- _Task requirements_
Please transcribe exactly, and only, the lines of the data below between the line holding "Semillas De Valeriana Verte De Cambrai" and the line holding "Dolga, mokra in", inclusive.

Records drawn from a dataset
◆ ◆ ◆ ◆ ◆ ◆ ◆

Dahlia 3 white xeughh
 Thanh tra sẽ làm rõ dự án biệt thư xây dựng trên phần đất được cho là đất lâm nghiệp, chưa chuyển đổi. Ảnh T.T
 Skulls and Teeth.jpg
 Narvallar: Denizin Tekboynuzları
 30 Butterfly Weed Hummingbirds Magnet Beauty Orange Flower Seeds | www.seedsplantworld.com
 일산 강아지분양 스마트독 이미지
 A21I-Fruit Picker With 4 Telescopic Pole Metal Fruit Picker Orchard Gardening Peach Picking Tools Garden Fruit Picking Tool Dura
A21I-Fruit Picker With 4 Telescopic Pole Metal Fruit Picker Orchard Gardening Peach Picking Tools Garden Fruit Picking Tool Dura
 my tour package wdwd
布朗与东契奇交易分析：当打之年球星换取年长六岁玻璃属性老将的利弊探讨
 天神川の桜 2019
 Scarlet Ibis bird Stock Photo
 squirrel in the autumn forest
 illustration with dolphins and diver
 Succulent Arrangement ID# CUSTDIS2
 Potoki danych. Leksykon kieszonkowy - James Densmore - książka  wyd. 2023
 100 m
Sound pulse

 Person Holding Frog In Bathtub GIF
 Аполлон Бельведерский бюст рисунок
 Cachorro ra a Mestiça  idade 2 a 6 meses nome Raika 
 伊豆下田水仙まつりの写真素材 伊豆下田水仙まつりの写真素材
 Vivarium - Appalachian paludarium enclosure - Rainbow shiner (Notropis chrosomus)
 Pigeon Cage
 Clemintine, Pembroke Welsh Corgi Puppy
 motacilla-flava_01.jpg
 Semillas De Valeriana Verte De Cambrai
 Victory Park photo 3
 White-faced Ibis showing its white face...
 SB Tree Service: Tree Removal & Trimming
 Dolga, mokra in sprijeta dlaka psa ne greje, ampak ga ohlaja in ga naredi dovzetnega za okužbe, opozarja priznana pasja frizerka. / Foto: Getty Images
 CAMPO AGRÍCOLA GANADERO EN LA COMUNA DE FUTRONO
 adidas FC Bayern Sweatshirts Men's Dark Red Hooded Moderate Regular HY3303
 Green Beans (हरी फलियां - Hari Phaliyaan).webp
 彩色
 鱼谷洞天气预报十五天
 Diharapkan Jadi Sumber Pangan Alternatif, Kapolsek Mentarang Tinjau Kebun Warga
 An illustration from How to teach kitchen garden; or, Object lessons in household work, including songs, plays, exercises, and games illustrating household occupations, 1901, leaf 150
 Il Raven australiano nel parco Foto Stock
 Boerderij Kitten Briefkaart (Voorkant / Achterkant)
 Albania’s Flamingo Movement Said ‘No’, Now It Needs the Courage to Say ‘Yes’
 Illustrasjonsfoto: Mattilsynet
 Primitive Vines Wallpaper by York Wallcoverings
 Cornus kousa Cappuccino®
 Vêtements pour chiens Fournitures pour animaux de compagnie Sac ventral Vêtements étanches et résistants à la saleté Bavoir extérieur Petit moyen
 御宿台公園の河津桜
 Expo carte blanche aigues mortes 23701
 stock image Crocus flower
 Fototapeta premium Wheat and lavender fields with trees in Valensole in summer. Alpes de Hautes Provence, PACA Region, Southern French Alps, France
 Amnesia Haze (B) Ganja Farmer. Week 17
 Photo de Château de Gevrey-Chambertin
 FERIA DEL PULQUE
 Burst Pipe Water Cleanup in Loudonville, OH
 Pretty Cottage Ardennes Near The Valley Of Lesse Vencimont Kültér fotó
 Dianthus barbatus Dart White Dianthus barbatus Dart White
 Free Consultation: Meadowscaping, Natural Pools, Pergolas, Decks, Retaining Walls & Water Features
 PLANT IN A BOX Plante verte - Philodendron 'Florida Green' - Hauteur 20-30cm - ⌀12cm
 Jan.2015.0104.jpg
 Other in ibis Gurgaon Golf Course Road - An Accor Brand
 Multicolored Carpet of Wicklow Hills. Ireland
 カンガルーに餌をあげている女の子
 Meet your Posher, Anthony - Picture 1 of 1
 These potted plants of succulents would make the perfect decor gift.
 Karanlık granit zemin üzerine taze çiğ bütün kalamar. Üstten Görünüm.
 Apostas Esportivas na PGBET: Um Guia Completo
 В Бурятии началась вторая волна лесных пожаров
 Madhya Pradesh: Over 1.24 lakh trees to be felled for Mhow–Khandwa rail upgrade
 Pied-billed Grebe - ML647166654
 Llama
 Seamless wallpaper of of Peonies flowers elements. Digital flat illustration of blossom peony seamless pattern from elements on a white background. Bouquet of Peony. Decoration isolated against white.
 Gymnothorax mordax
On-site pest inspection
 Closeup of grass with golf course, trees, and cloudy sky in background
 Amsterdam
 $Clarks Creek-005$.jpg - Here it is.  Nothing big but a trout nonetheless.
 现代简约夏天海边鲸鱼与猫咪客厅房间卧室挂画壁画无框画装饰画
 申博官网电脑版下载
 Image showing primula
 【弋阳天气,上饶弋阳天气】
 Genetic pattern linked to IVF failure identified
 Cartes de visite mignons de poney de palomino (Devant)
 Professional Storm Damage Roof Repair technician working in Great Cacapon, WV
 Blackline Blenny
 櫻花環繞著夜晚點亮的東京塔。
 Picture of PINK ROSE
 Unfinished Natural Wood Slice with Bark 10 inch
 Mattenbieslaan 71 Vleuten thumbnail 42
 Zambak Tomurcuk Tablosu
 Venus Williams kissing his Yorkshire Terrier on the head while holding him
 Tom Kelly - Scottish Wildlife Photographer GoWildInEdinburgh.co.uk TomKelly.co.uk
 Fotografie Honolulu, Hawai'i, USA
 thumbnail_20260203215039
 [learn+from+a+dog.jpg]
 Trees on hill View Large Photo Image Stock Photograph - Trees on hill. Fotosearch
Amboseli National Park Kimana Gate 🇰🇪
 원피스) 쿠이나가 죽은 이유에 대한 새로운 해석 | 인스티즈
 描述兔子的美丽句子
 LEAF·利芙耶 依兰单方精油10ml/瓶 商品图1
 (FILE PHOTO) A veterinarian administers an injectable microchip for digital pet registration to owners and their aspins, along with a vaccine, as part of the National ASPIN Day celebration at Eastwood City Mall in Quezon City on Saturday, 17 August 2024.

◆ ◆ ◆ ◆ ◆ ◆ ◆

- _Answer box_
 Semillas De Valeriana Verte De Cambrai
 Victory Park photo 3
 White-faced Ibis showing its white face...
 SB Tree Service: Tree Removal & Trimming
 Dolga, mokra in sprijeta dlaka psa ne greje, ampak ga ohlaja in ga naredi dovzetnega za okužbe, opozarja priznana pasja frizerka. / Foto: Getty Images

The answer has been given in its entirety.